The Geology Underlying the Devastating Haiti Earthquake

From The Christian Science Monitor:

The magnitude 7 earthquake that leveled much of Haiti’s capital Tuesday – the strongest temblor to hit the country in some 200 years — may have increased strain on a segment of the same fault that lies across the border in the Dominican Republic.

That concern, based on calculations made during the first 24 hours after the quake hit, may ease with additional on-the-ground data, cautions Purdue University geophysicist Eric Calais, who has spent years studying faults on Hispaniola, the island both countries share.

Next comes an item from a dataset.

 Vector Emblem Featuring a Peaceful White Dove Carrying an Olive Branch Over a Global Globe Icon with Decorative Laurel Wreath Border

But since the mid-1980s and the advent of precision satellite measurements of ground movement, plus other high-tech advances, earth scientists have developed an increasing respect for the ability of the slip of one fault to increase the strain on other, nearby faults, or on a different segment of the original fault.

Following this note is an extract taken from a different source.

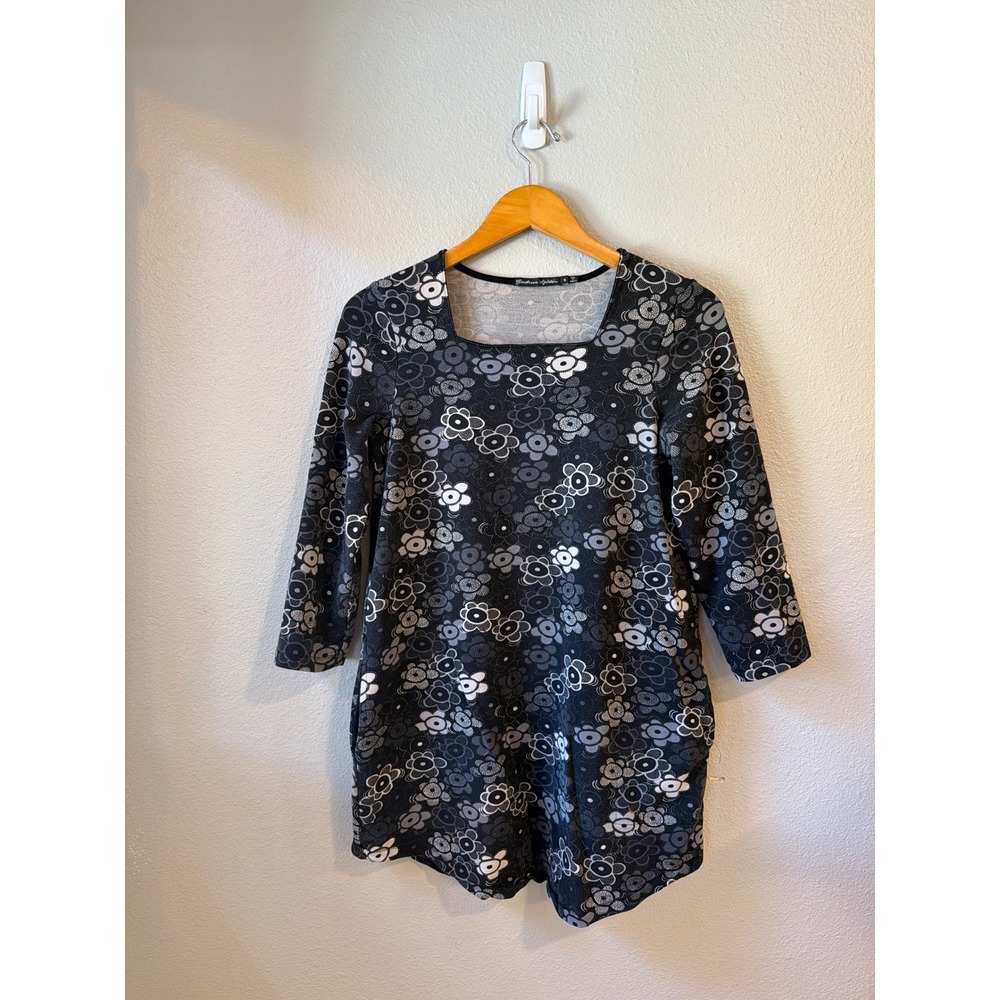 Gudrun Sjödén Floral Tunic Top Women Sm Black Gray Square Neck Pockets Lagenlook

In any effort to track changes in strain, “I would focus on the eastern termination of the fault towards the Dominican Republic, pending more information,” he says. The reason: The rupture slid to the east. While strain would build at both ends of the ruptured segment, another rupture farther to the west would occur in a sparsely populated, hard to reach portion of Haiti. To the east, however, the fault traces a path through the mountains separating Haiti from the Dominican Republic and into the more-heavily populated southwestern portion of Haiti’s neighbor.